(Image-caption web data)
####################
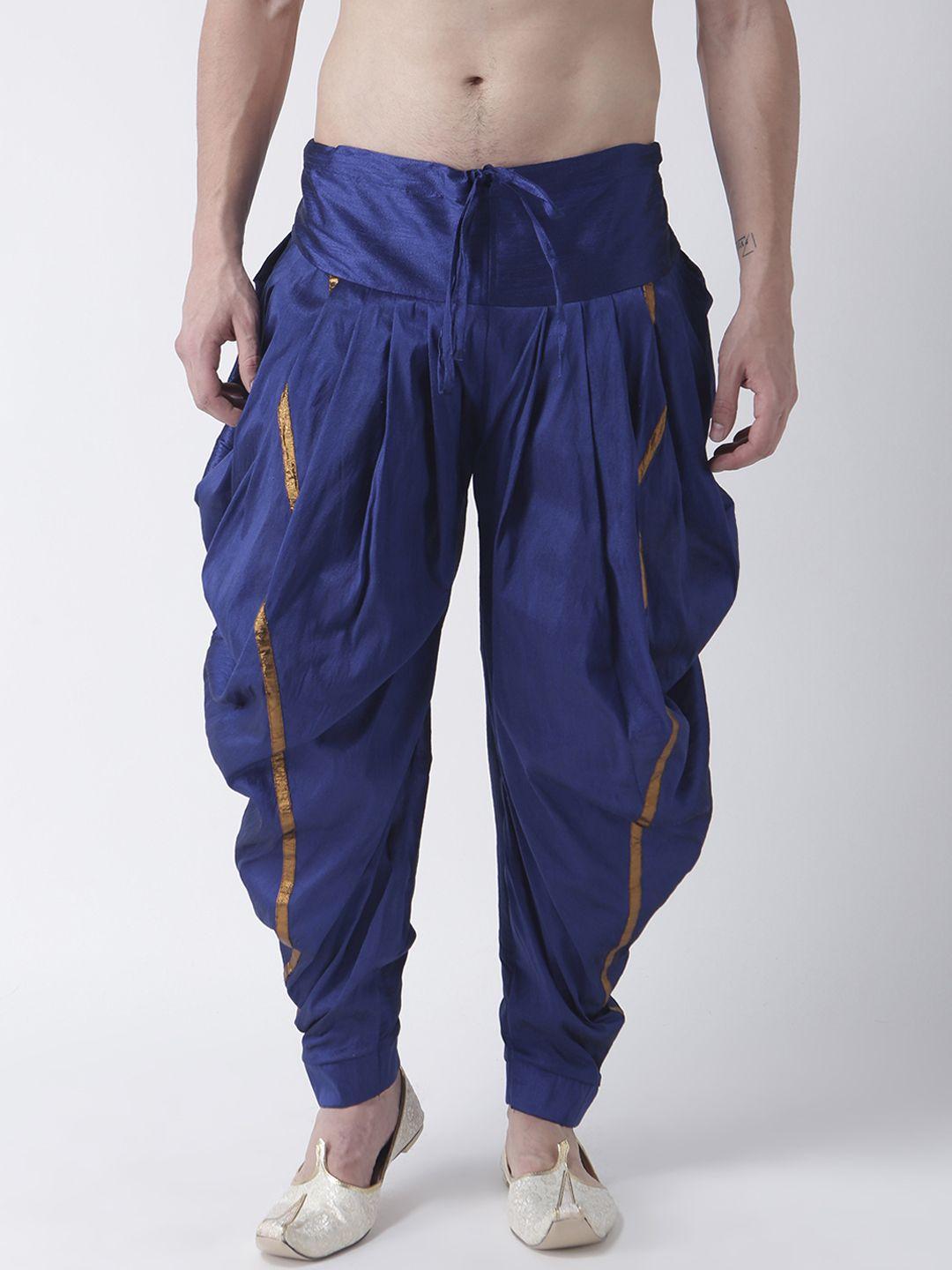 deyann men blue solid silk dhoti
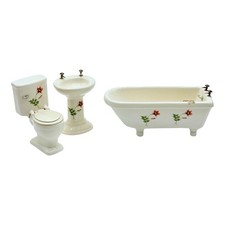 Dollhouse Miniature Melody Jane Porcelain Bathroom Suite Set Sink Bathtub Toilet
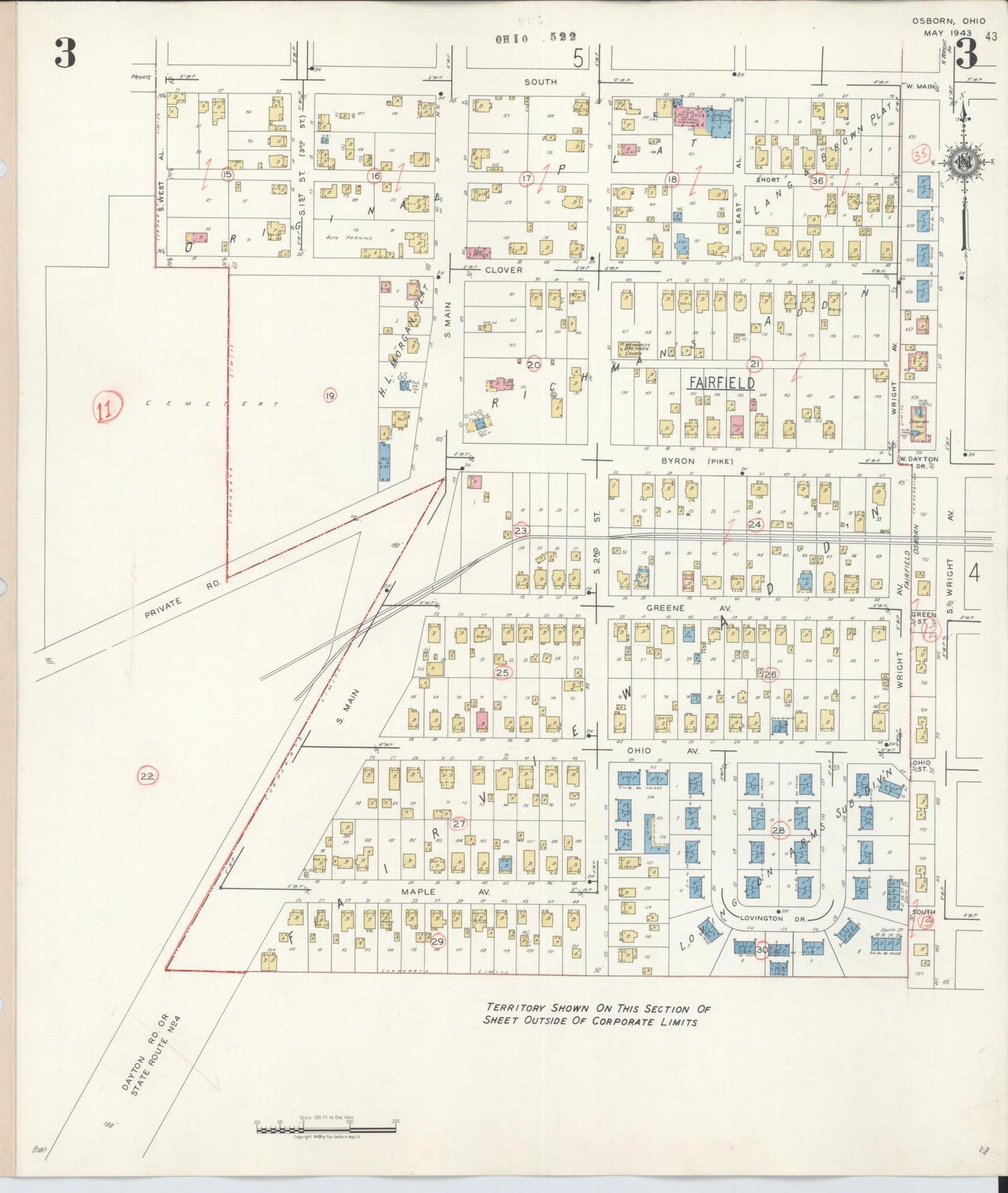 Sanborn Fire Insurance Map from Osborn, Greene County, Ohio (1943), Sheet #0003 - Historic Sanborn Fire Insurance Map Print, vintage old map wall art, antique decor, genealogy gift, Ohio Ohio map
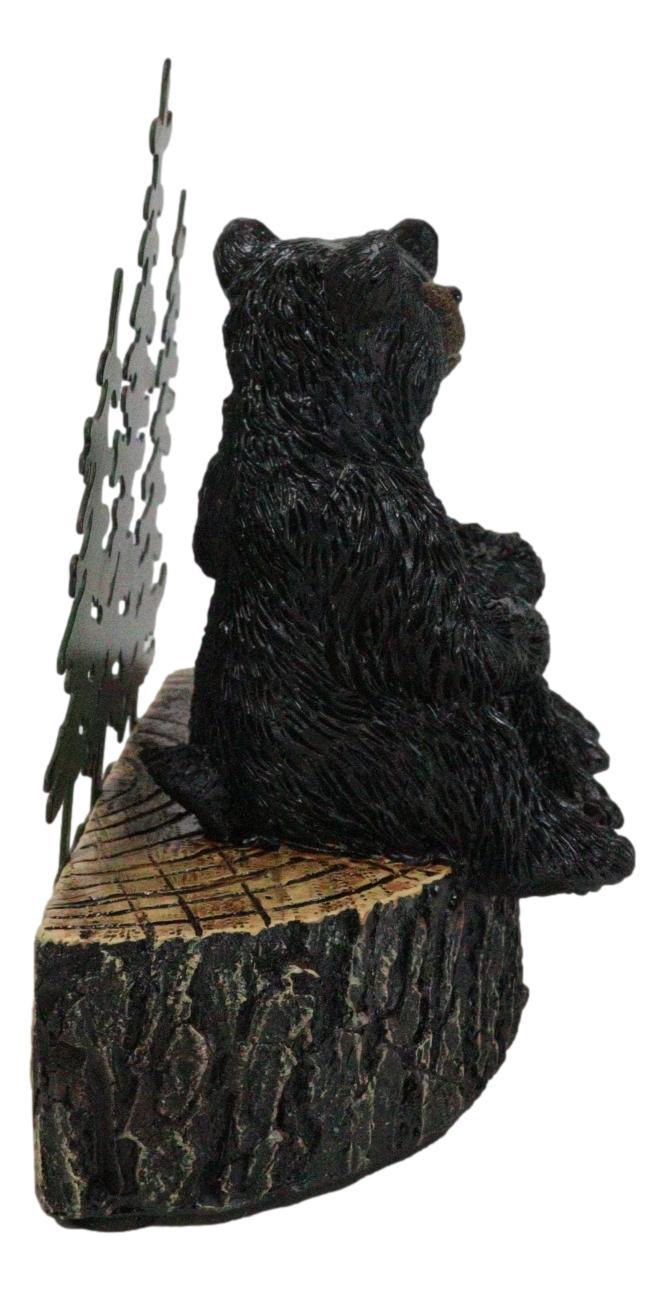 Rustic Black Bear Couple Kissing On Love Tree Ring With Pine Trees Figurine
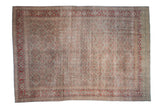 Vintage distressed Tabriz carpet, allover Herati design in soft cherry red and powder blue.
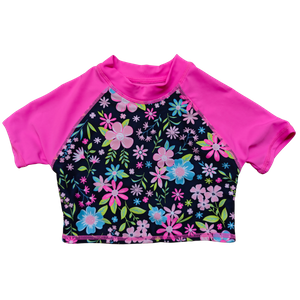 Zweiteiliges Rashguard-Set mit lebendigem Blumenmuster von OEM f&uuml;r M&auml;dchen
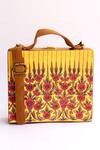 Shop_LA Fiza_Yellow Floral Motif Briefcase Clutch _at_Aza_Fashions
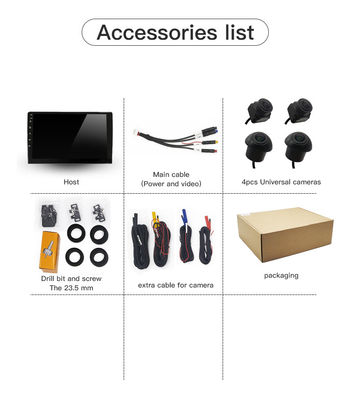 통합된 헤드 유닛 디스플레이와 함께 멀티 카메라 360° 자동차 비전 시스템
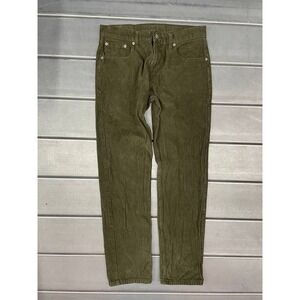 Levis 502 Pants Mens Size 30x32 Green Corduroy Tapered Stretch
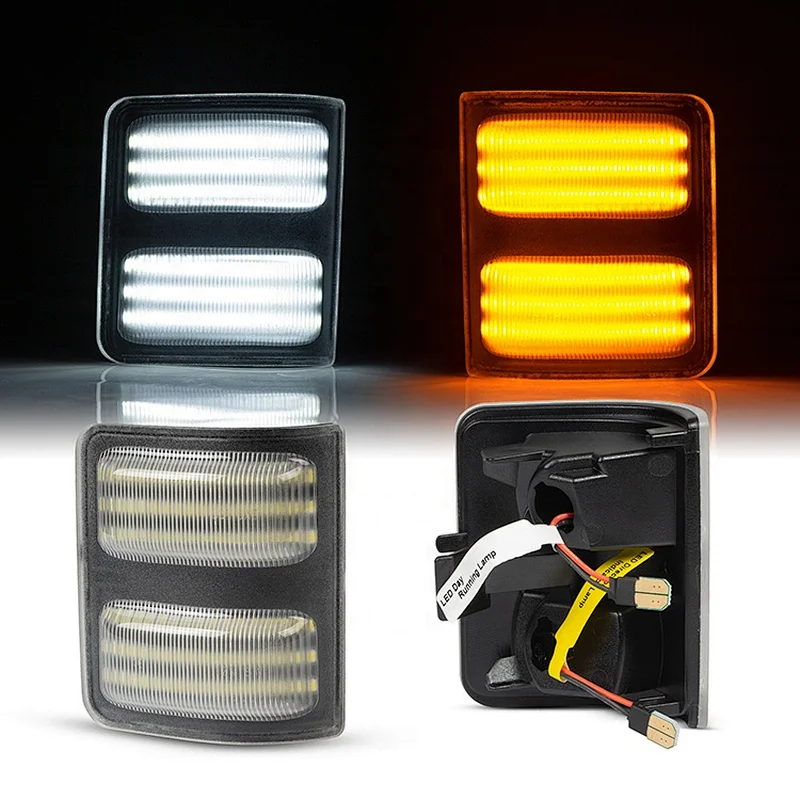 White+Amber 96SMD Dynamic LED Mirror Turn Signal Light For  Ford F250 F350 F450 F550 2008-2016 OEM # 1448141 1448140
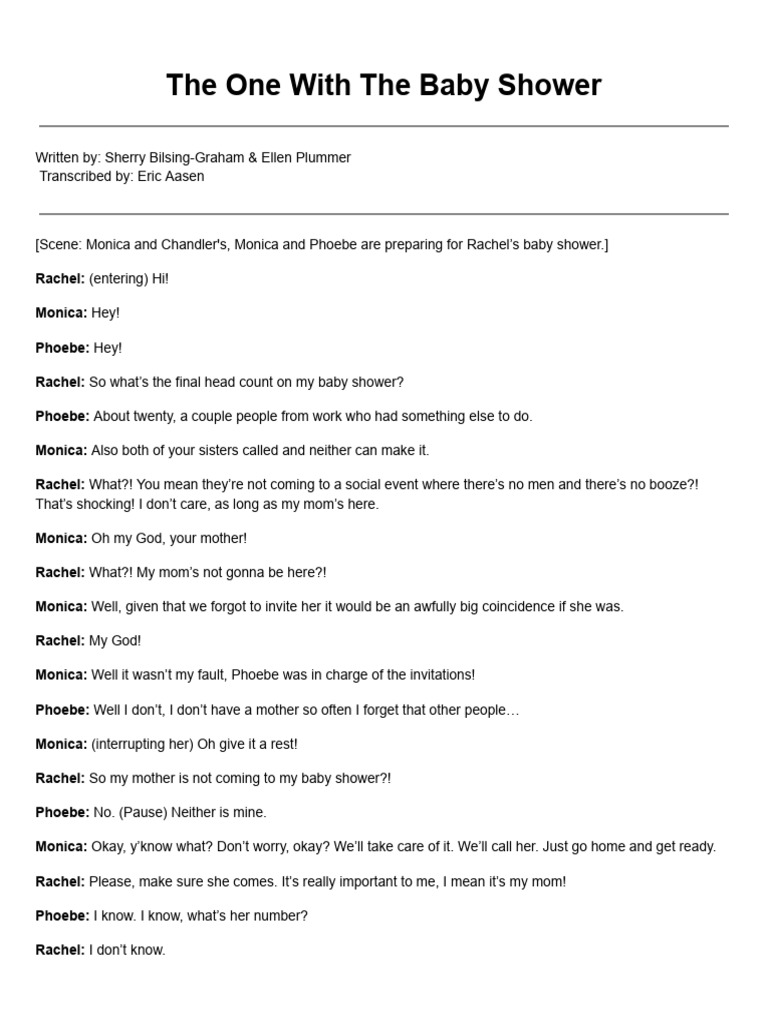 Rachel's Baby Shower Chaos | PDF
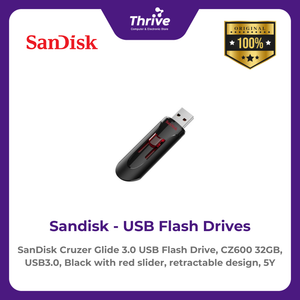 SanDisk Cruzer Glide 3.0 USB Flash Drive, CZ600 32GB, USB3.0, Black with red slider, retractable design, 5Y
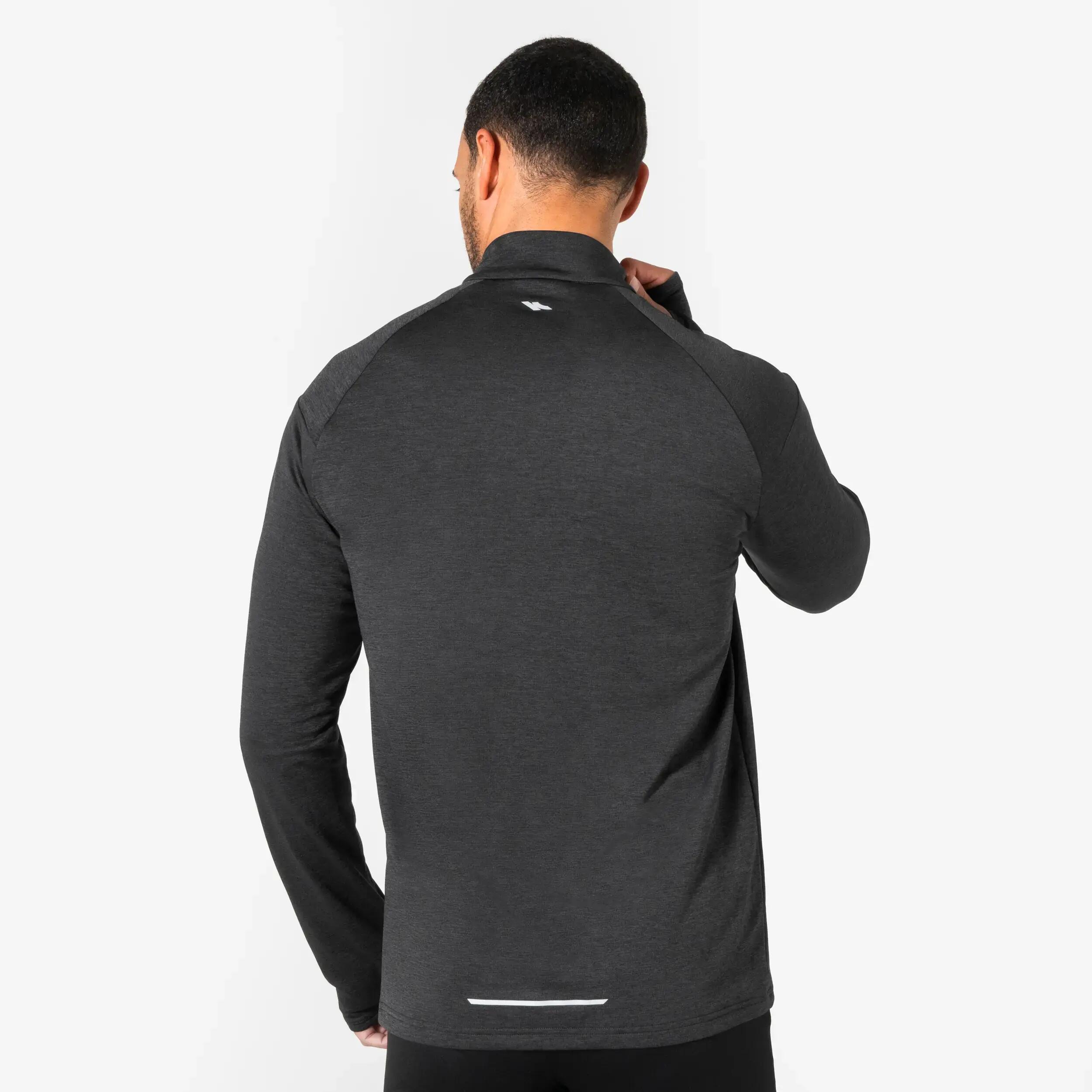 Kiprun Run 100 Men's Warm and Breathable Half-Zip Long-Sleeved T-shirt - Black -  2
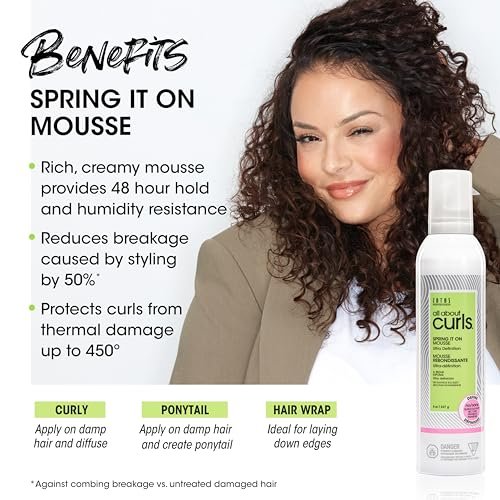 ALL ABOUT CURLS Spring It On Mousse Ultra Definition 8 Fl Oz - Strengthens & Protects Curls, Vegan & Sulfate Free Avelisse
####################
■ PROBLEM REQUIREMENTS: Write out each entry word for word, images excluded.

■ RESULT FOR THIS TASK:
 deyann men blue solid silk dhoti
 Dollhouse Miniature Melody Jane Porcelain Bathroom Suite Set Sink Bathtub Toilet
 Sanborn Fire Insurance Map from Osborn, Greene County, Ohio (1943), Sheet #0003 - Historic Sanborn Fire Insurance Map Print, vintage old map wall art, antique decor, genealogy gift, Ohio Ohio map
 Rustic Black Bear Couple Kissing On Love Tree Ring With Pine Trees Figurine
 Vintage distressed Tabriz carpet, allover Herati design in soft cherry red and powder blue.
 Zweiteiliges Rashguard-Set mit lebendigem Blumenmuster von OEM f&uuml;r M&auml;dchen
 Shop_LA Fiza_Yellow Floral Motif Briefcase Clutch _at_Aza_Fashions
 통합된 헤드 유닛 디스플레이와 함께 멀티 카메라 360° 자동차 비전 시스템
 Levis 502 Pants Mens Size 30x32 Green Corduroy Tapered Stretch
 White+Amber 96SMD Dynamic LED Mirror Turn Signal Light For  Ford F250 F350 F450 F550 2008-2016 OEM # 1448141 1448140
 Rachel's Baby Shower Chaos | PDF
 SanDisk Cruzer Glide 3.0 USB Flash Drive, CZ600 32GB, USB3.0, Black with red slider, retractable design, 5Y
 Kiprun Run 100 Men's Warm and Breathable Half-Zip Long-Sleeved T-shirt - Black -  2
 ALL ABOUT CURLS Spring It On Mousse Ultra Definition 8 Fl Oz - Strengthens & Protects Curls, Vegan & Sulfate Free Avelisse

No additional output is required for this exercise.